Reinsurance renewal ‘will top 15%’
Australian insurers should expect rate increases at the June 30 reinsurance renewals period that are above the 15% experienced in 2010 and 2009, Munich Re has warned.
In an interview with The Australian Financial Review, Ludger Arnoldussen, the Munich Re board director responsible for Asia-Pacific and Africa, says increases for the past two years were around 15%, “and those were for small losses”.
“These recent losses are significantly larger, so I think there is potential for more.”
He says the number of natural catastrophes in Australia has more than tripled since 1980, and recent events have led to an “unusual focus on Australia at the moment”. As well as the large catastrophes, Dr Arnoldussen says there has also been an increase in small weather events.
He says the increased frequency of severe weather across Australia has prompted a closer analysis of Munich Re’s local operations.
“There’s more focus on the profitability of the Australian natural catastrophe business,” he says. “While Australia might diversify a reinsurer’s risk position, it also costs a lot of money.”
Swiss Re has also confirmed it will be “carefully analysing” the catastrophes, which could lead to a review of its modelling assumptions.
Mike Mitchell, MD and Chief Property Underwriter for Swiss Re Asia, told insuranceNEWS.com.au that significant events like the recent natural catastrophes in Australia “provide opportunities to review hard data to verify or adjust these modelling assumptions.

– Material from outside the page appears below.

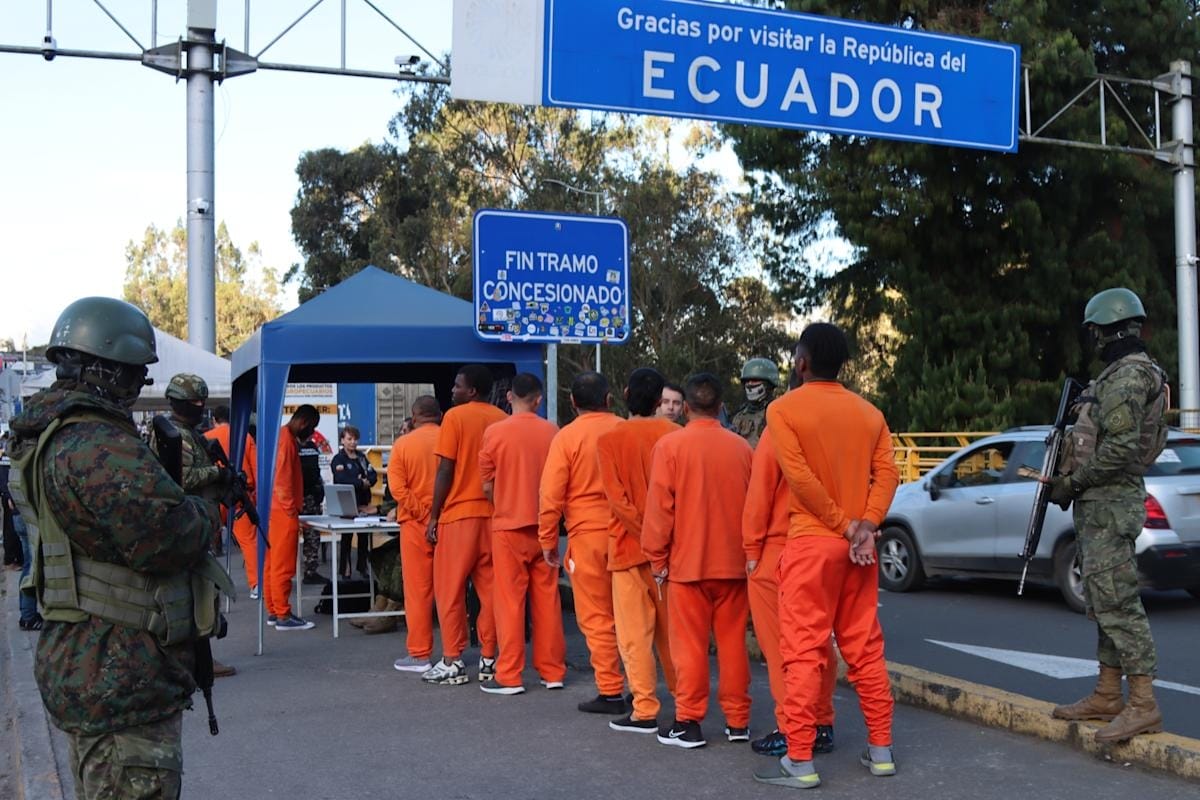 Ecuador Desafía a Colombia: Deportación Masiva Enciende Crisis Regional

We will be carefully analysing these latest losses to establish whether our assumptions need to be updated.”
However, ratings agency Moody’s says that globally, reinsurance pricing will remain soft as the catastrophes have not led to a significant fall or rise in either the supply of, or demand for, reinsurance.
Moody’s VP and Senior Credit Officer James Eck says the catastrophe events in Australia and NZ “will likely drive regional pricing higher during the renewal period, [but] such localised pockets of strength will not be enough to offset the pricing declines experienced in other peak catastrophe risk zones, such as US areas vulnerable to hurricanes and earthquake, as well as in most casualty reinsurance lines.
“Because Australian primary insurers have heavily reinsured their risks, and the floods and Cyclone Yasi constitute as many as five separate loss events within their reinsurance treaties, global reinsurers are likely to bear a significant proportion of the overall insured losses.”
He says some of the largest loss estimates so far from the floods lay with large, globally diversified reinsurers including Munich Re, Hannover Re, XL Group, Partner Re and Transatlantic Holdings.
In the case of Partner Re and Flagstone Reinsurance, Moody’s notes that the number and cost of events in 2010 triggered their aggregate reinsurance covers, resulting in additional losses.
But Mr Eck concludes that while the catastrophes will impact on the earnings of reinsurers, they will not affect their capital bases.